Friday, April 26, 2013

RTS

Oh, I get it. Economics is the study of Starcraft. "Because consumer goods satisfy our wants directly, any movement toward [more consumer goods] looks tempting. In producing more pizzas, society increases the satisfaction of its current wants. But there is a cost: More pizzas mean fewer industrial robots. This shift of resources to consumer goods catches up with society over time because the stock of capital goods expands more slowly, thereby reducing potential future production. By moving toward alternative [more consumer goods], society chooses “more now” at the expense of “much more later.”"

When you're starting up in Starcraft you don't have any soldiers to defend your base.
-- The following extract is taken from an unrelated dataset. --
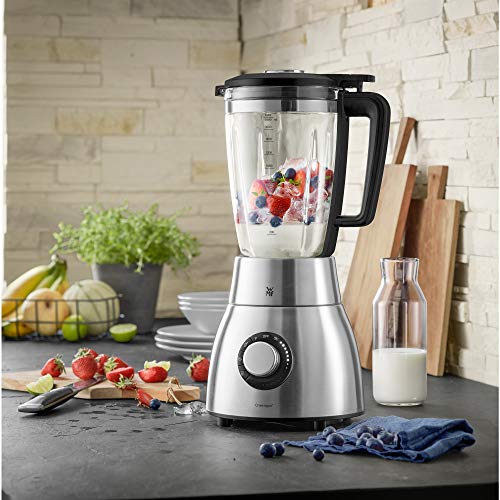 WMF Kult Pro - Batidora (Batidora de varillas, Negro, Plata, Ice crushing, Mezcla, 1,8 L, 24000 RPM, Giratorio)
There's no requirement to train any, you can just focus resources on developing your tech tree if you want to.

 

But what happens?  What always happens.  You get rushed by the Zerg player who picked the opposite end of the spectrum and focused all his resources on consumer goods (zerglings).
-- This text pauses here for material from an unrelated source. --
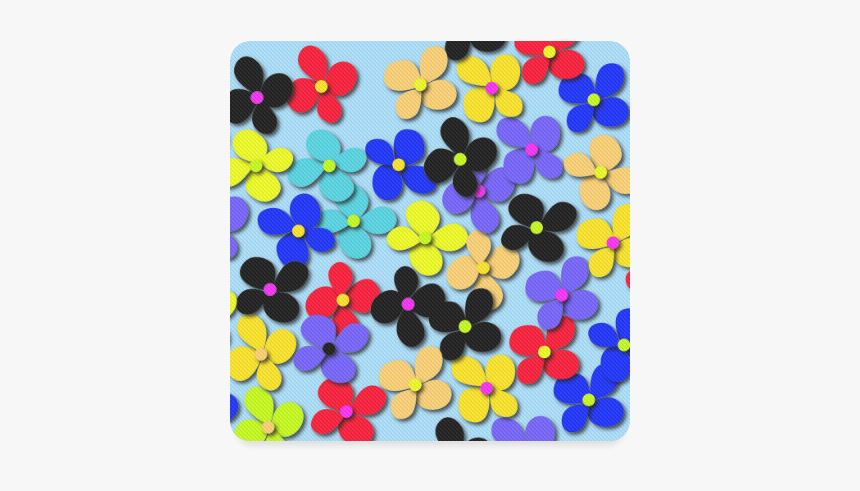 Hippie Trippy Love Peace Flowers Square Coaster - Circle, HD Png Download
If you can outlast the rush in the beginning, you have a decided advantage tactically because of your capital goods (factories that produce giant tanks).  There's a time and place for either strategy, and there's no clear favorite guaranteed anything.  Still, it's hard not to draw an analogy with the quicker, easier dark side of the force.  As any veteran player will vouch for, a zerg rush done properly is not easy to execute.  It is, I would argue, easier than managing a long-term complex production line with many diverse elements.  It's also interesting to note that consistency rarely gets a statue built of it; certainly when compared to the number of statues celebrating passion.